→ Stored data:
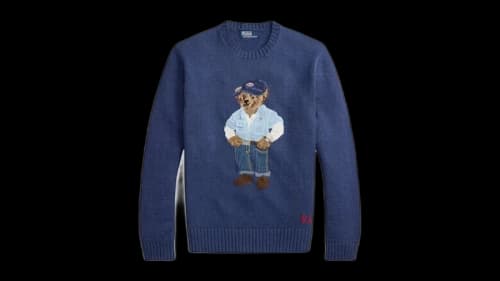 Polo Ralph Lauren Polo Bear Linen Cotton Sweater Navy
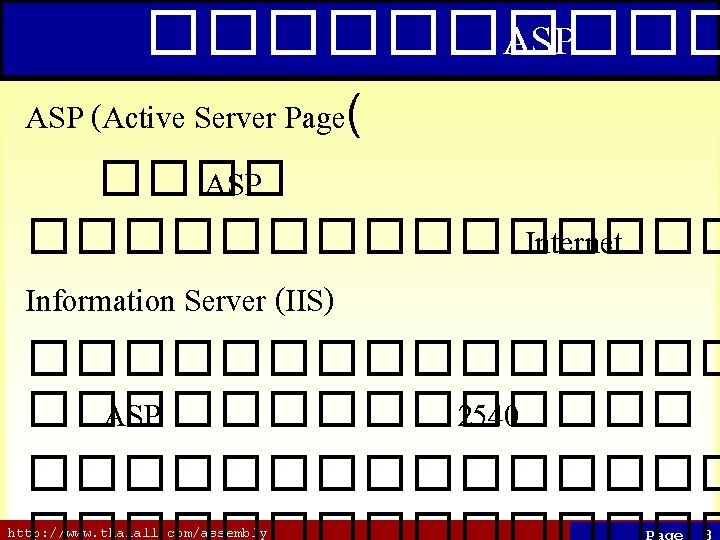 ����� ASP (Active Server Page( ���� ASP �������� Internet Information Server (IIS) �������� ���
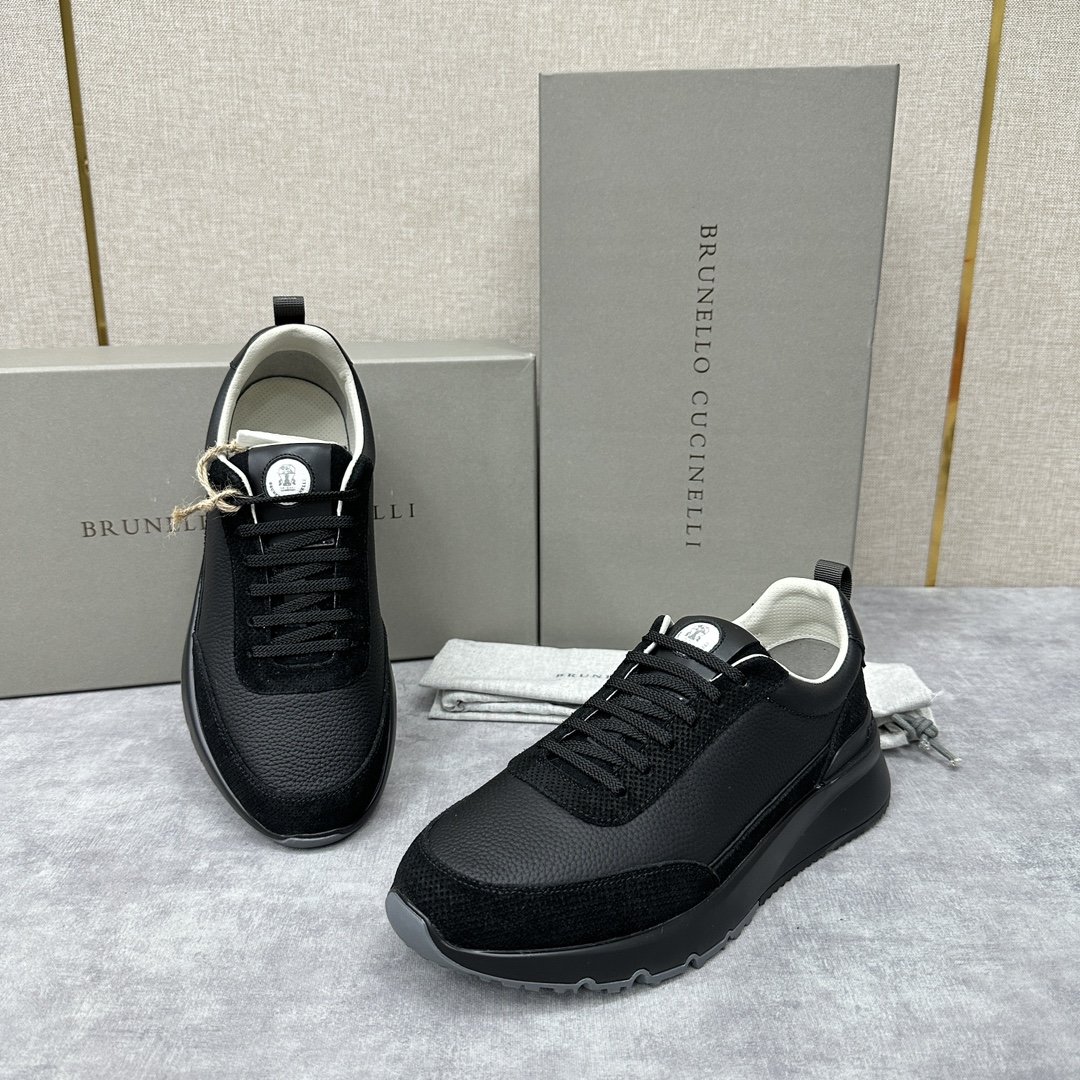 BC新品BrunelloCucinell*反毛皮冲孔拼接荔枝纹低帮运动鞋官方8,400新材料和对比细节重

→ Try it:
Copy out the whole listing exactly, and don't carry over any pictures.

→ Task output:
 Polo Ralph Lauren Polo Bear Linen Cotton Sweater Navy
 ����� ASP (Active Server Page( ���� ASP �������� Internet Information Server (IIS) �������� ���
 BC新品BrunelloCucinell*反毛皮冲孔拼接荔枝纹低帮运动鞋官方8,400新材料和对比细节重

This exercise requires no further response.